Action item -
Repeat the entries below exactly as they appear, with no pictures.

Source data -
________________________________________
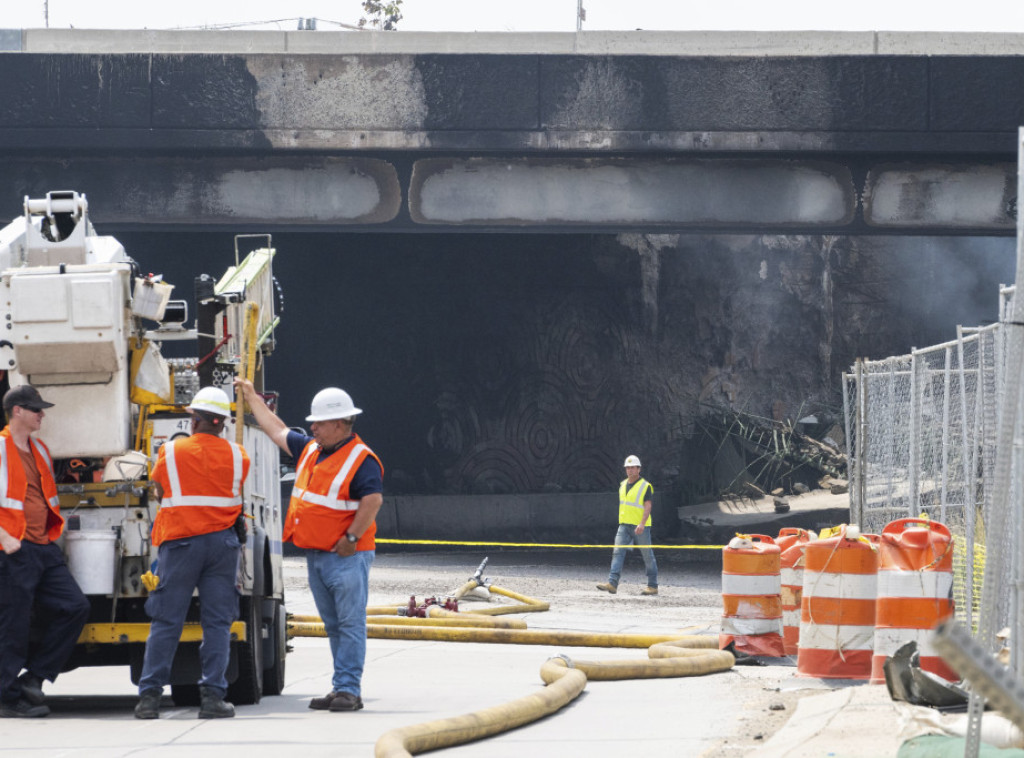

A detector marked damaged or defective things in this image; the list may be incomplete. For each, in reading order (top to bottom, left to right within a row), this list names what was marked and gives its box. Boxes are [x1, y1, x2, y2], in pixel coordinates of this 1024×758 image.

charred concrete bridge [0, 28, 1019, 236]
charred concrete bridge [2, 28, 1024, 540]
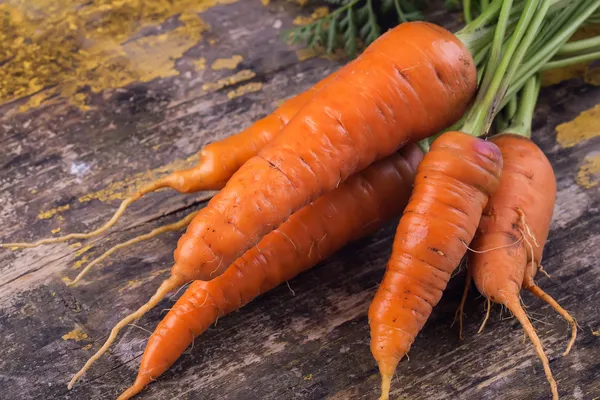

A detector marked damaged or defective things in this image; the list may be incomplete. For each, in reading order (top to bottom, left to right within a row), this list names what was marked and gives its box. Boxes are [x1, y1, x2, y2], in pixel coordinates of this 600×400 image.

peeling yellow paint [292, 6, 328, 25]
peeling yellow paint [0, 0, 239, 114]
peeling yellow paint [211, 54, 244, 70]
peeling yellow paint [203, 70, 256, 93]
peeling yellow paint [226, 81, 262, 99]
peeling yellow paint [556, 105, 600, 149]
peeling yellow paint [77, 154, 195, 203]
peeling yellow paint [580, 155, 600, 189]
peeling yellow paint [118, 268, 170, 292]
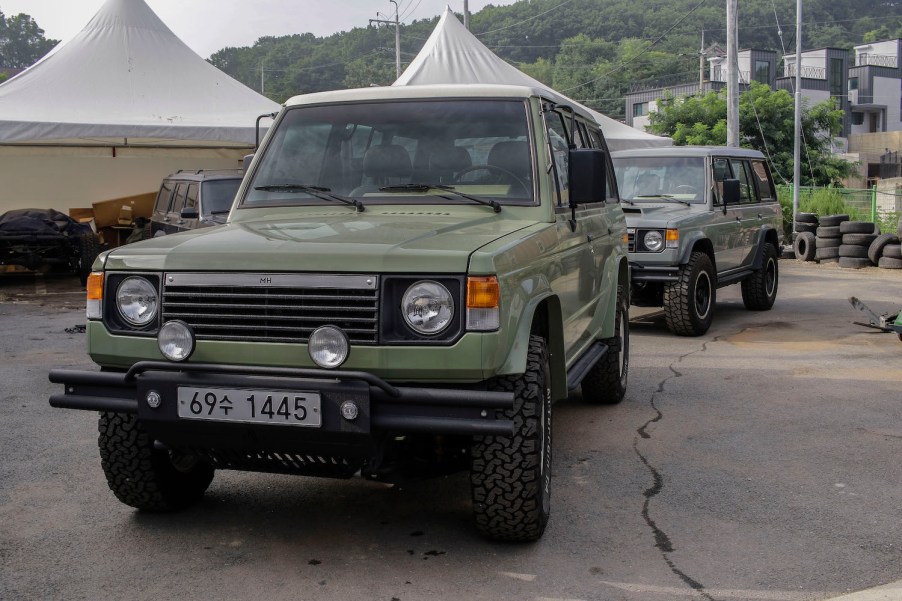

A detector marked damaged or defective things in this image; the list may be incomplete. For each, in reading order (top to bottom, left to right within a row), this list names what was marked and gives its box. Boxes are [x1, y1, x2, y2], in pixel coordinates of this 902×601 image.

crack in asphalt [636, 332, 736, 600]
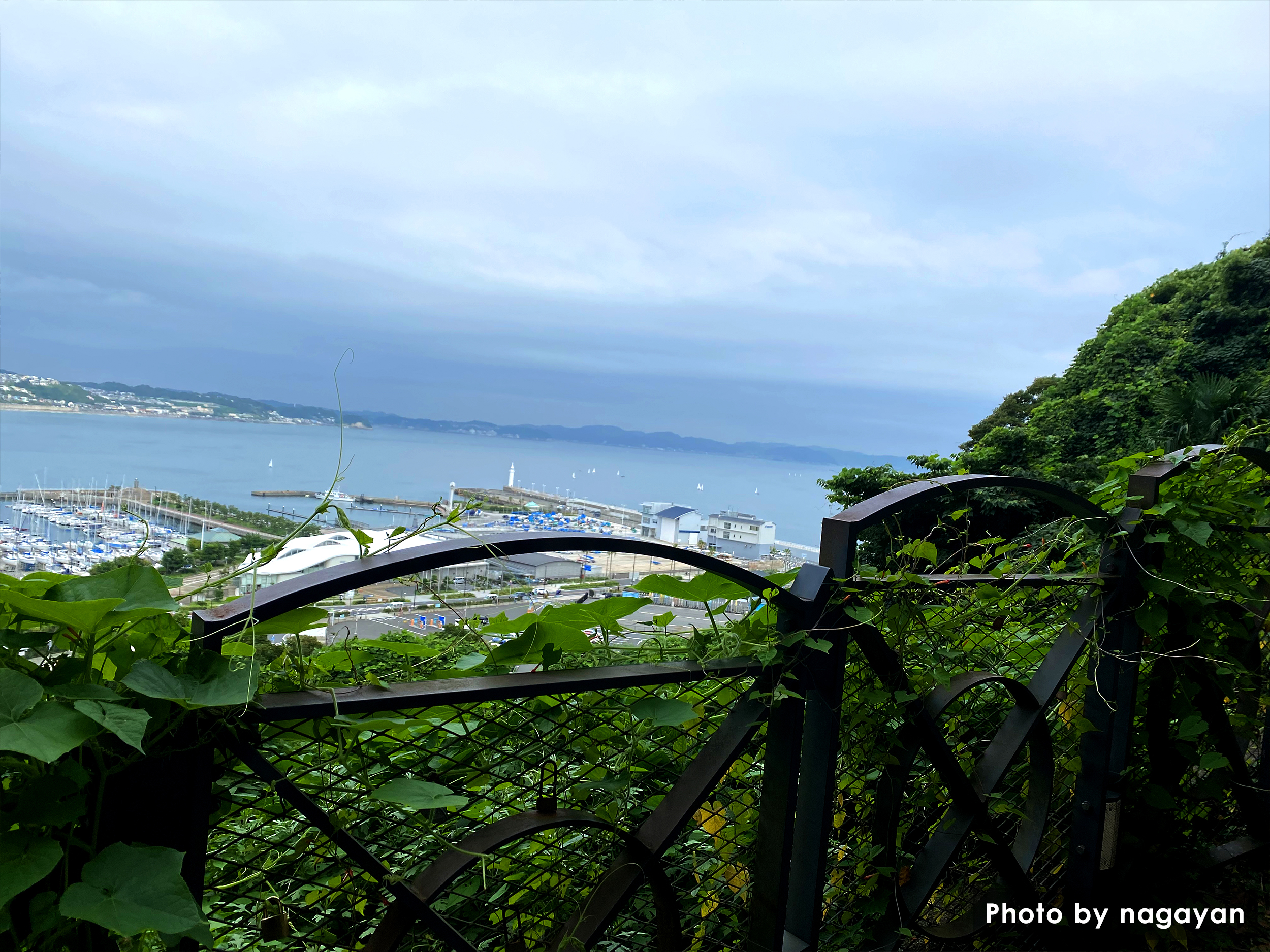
________________________________________
Response box -
A detector marked damaged or defective things in this image; the list may be incomplete. For each, in reading order (top to bottom, left to right within a row), this list names what was marked and gives its box. Boxes are [x1, y1, x2, y2], in pixel coordinates of this 1024×758 image.

charred concrete bridge [0, 28, 1019, 236]
charred concrete bridge [2, 28, 1024, 540]

A detector marked damaged or defective things in this image; the list may be incomplete. For each, in reading order (top to bottom, left to right within a row), this list names what was marked and gives its box. Boxes are [x1, y1, x2, y2], in pixel coordinates of this 600×400 image.

peeling yellow paint [292, 6, 328, 25]
peeling yellow paint [0, 0, 239, 114]
peeling yellow paint [211, 54, 244, 70]
peeling yellow paint [203, 70, 256, 93]
peeling yellow paint [226, 81, 262, 99]
peeling yellow paint [556, 105, 600, 149]
peeling yellow paint [77, 154, 195, 203]
peeling yellow paint [580, 155, 600, 189]
peeling yellow paint [118, 268, 170, 292]

A detector marked damaged or defective things in this image; the list may be incomplete. For each, in reading order (top to bottom, left to right within a row), this list names what was marked and gives its box. Boxes are [x1, y1, x2, y2], in pixel coordinates of this 902×601 image.

crack in asphalt [636, 332, 736, 600]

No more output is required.